2.2. Reasons For Inefficiency

After several microkernels had been built into real OSs, and were being used for real applications, people found that their performance, when measured objectively as in [Bershad 92], was quite lackluster. This inefficiency turned out to have several culprits, including the following:
  1. Running previously kernel-integrated services in user-mode requires the use of a Remote Procedure Call (implemented with two IPCs) whenever the kernel or client uses a service. The cost of the RPC turned out to be much higher than a simple system call to the kernel, on the order of 200 microseconds per RPC versus 40 microseconds for a traditional system call [Liedtke 93].
  2. The cost of memory references (the Memory Cycles Per Instruction, or MCPI) turned out to be much higher in microkernel OSs than in monolithic OSs, when running the same applications [Chen 93]. The reasons for this included the following:
  3. The ``legacy'' interfaces and implementation code of the microkernels did not allow for really efficient functionality of some OS features.
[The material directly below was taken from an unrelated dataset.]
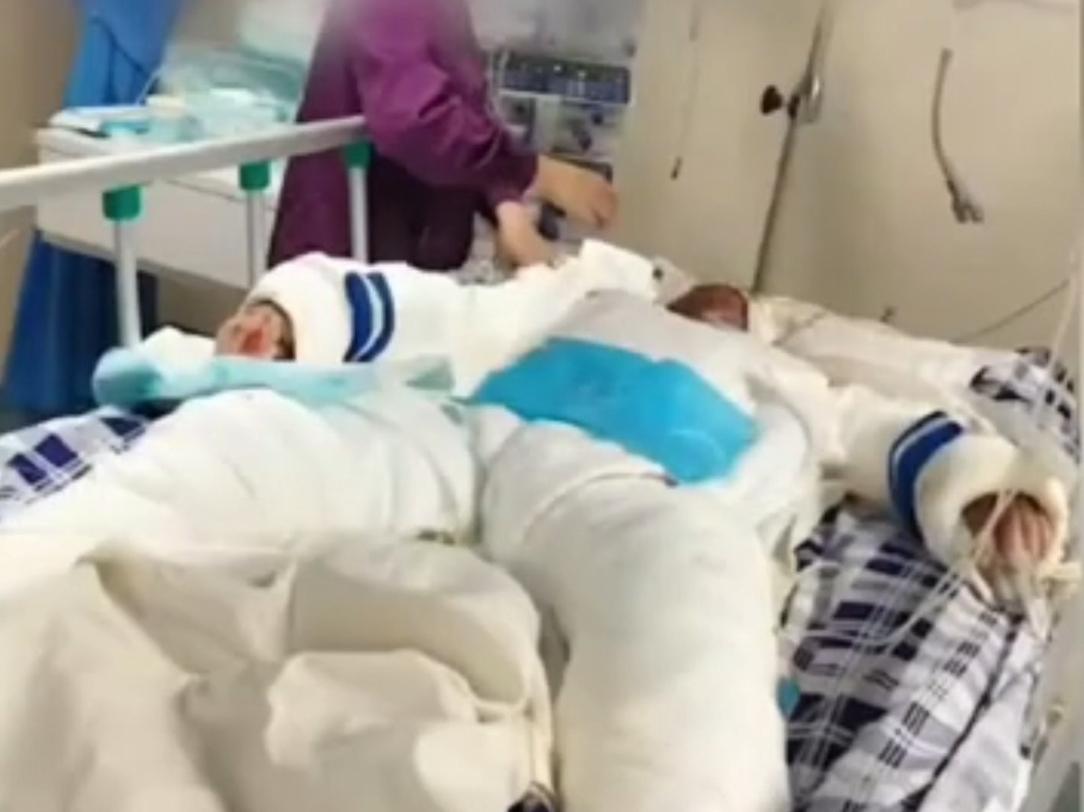 “闻到燃气味，他没想过自己，只想着邻居家的安全。”这是浙江绍兴务工者钱先生留给世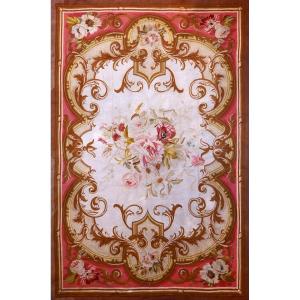 Carpet From The Aubusson Manufactory, France, Napoleon III Period – No. 1359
This was largely due to the development history of the microkernels which had been derived from monolithic kernels, inheriting many of their interfaces and implementation strategies [Liedtke 95].
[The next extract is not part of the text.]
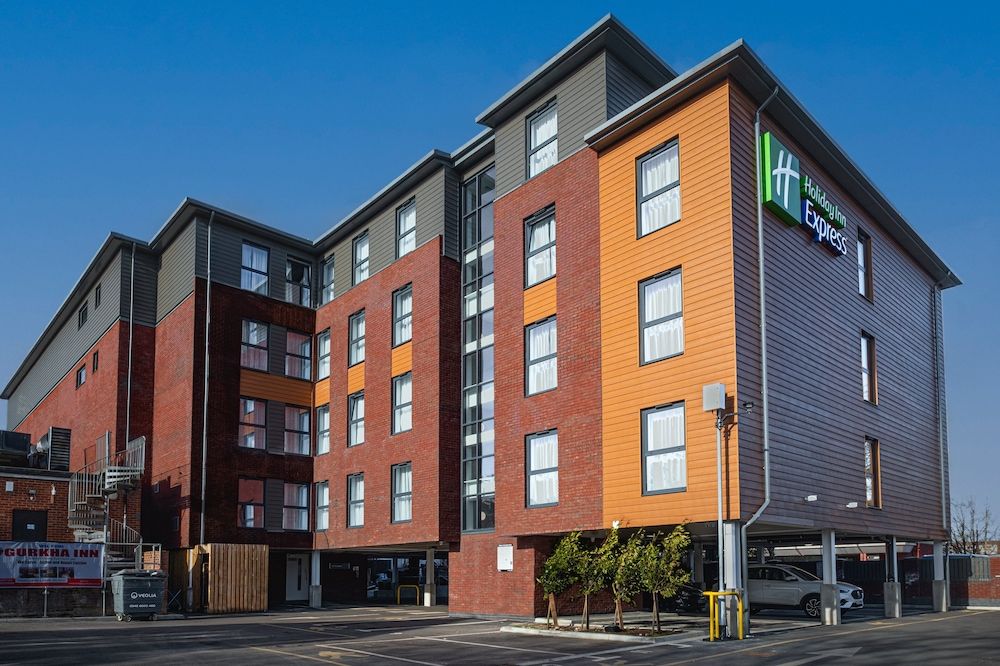 Holiday Inn Express Fleet, an IHG Hotel 3 estrelas em Fleet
2.3. Inter-Process Communication Performance

The first item above, IPC cost, has been the primary focus of work intended to improve microkernel performance, since it has far more impact than MCPI. Even so, attempts at improving IPC cost in first-generation microkernels, Mach in particular, were not successful enough, due to the third reason above. Table 1 below shows the final IPC performance of the Mach OS after much work had been done to optimize the IPC. The work on L3, which lead to L4, finally managed to break this performance barrier.

In [Liedtke 96] it is noted that this Mach IPC performance is bad enough that roughly 10000 instructions must be executed between successive RPC calls for only a 10% degradation in speed relative to a monolithic kernel. This prohibits fine-grained client/server application structures. More generally, the lack of efficiency in first-generation and traditional kernels prohibits flexible application/OS structures such as those supported by IPC.

In comparison the L4 and Exokernel IPCs are a generous order of magnitude faster, due to their clean-slate implementations. These kernels are able to do RPC calls every 400th instruction with only 10% degradation in speed, which should be fine-grained enough for almost all applications. The SPIN kernel is based on Mach, and therefore shares its high IPC cost, but this may not be fatal to its performance due to alternative approach to extensibility.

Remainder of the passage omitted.